> The University of Edinburgh, Scotland
> 28 to 30 June 2027, with an optional trip to Scott’s home, Abbotsford House, on 1 July
The 14th instalment of the International Walter Scott conference returns to the University of Edinburgh, Scott’s alma mater in the city of his birth. Scott was at the centre of what Ian Duncan calls Edinburgh’s ‘northern literary galaxy’ in the early nineteenth century, while scholars continue to wrestle with the complexity of his dialogue with places (spots, localities, regions, nations …) across and well beyond the Anglosphere. Politically, Scott’s forthright, counter-revolutionary Toryism has not prevented his work from often seeming a mesh of alternatives, a textual world that readers responded to and appropriated for their own ends, then as now. At the same time, the evolving practices and expectations of print culture in the nineteenth century – from Victorian mass media to colonial school curricula to literary tourism – bore the imprint of Scott’s popularity as poet, critic, antiquarian and novelist. We look forward to welcoming delegates to Edinburgh and invite papers on any and all aspects of Scott’s relationship to questions of politics, place and print culture.
Keynote speakers:
> Philip Connell is Professor of Literature and History at Selwyn College, University of Cambridge. He is the author of Romanticism, Economics and the Question of ‘Culture’ (Oxford University Press, 2001) and Secular Chains: Poetry and the Politics of Religion from Milton to Pope (Oxford University Press, 2016), as well as co-editor with Nigel Leask of Romanticism and Popular Culture in Britain and Ireland (Cambridge University Press, 2009). He is currently working on revolution and cultural memory in Romantic Britain.

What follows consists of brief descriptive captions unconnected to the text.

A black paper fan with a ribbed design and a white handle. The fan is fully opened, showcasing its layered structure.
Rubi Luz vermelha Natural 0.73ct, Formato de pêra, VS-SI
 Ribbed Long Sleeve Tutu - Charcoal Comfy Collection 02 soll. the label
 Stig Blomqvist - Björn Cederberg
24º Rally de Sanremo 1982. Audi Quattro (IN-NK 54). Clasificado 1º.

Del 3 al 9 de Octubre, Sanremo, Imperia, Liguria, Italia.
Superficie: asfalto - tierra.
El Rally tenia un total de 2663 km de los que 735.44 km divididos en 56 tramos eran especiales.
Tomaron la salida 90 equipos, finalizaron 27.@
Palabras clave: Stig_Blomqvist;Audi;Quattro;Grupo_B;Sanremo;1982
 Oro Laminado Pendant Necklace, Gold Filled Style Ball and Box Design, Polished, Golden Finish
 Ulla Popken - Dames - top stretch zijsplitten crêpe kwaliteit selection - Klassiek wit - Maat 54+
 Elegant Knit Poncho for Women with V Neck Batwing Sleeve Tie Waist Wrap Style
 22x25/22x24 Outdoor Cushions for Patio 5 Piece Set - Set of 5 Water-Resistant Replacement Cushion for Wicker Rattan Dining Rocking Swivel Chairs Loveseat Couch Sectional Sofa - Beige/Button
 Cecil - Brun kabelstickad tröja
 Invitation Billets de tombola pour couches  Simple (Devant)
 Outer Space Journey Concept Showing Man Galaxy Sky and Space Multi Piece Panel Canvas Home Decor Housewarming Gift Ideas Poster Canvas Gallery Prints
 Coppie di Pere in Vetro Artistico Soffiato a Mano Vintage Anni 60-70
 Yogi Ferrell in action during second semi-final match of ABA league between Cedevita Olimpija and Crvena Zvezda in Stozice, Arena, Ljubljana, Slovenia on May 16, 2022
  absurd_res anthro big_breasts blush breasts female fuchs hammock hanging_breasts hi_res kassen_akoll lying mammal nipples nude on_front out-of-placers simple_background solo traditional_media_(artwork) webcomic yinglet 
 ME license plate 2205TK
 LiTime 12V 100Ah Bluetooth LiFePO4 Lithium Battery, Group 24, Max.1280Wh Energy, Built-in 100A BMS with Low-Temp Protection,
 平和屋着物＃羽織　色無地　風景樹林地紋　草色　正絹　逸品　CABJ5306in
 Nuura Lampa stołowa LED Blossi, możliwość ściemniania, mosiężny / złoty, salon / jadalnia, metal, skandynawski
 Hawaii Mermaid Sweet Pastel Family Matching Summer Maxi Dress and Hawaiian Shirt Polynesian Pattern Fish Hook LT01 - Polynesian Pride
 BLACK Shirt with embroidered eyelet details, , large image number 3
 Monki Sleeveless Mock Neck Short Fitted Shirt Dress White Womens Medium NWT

> Porscha Fermanis is Professor of Romantic Literature at University College Dublin. She is the author of John Keats and the Ideas of the Enlightenment (Edinburgh University Press, 2009), Romantic Pasts: History, Fiction, and Feeling in Britain, 1790-1850 (Edinburgh University Press, 2022) and the shortly forthcoming Settler Fiction from the Southern Hemisphere, 1820-1890 (Oxford University Press). She is currently working on settler colonialism and literary modernity in the southern hemisphere
The conference will also feature a special plenary session marking the 20th anniversary of Ian Duncan’s landmark monograph Scott’s Shadow: The Novel in Romantic Edinburgh (Princeton University Press, 2007).
Contributing Papers
Please send 300-word proposals for individual papers to the organising team led by Dr Gerard McKeever (scottconference2027@gmail.com) by 1st October 2026. For panels or roundtable sessions, please send a 250-word description of the topic and a few sentences on each of the papers involved. All submissions should include short biographical notes (no more than 50 words) on the contributor(s).
Details of financial support for postgraduates will be made available in due course.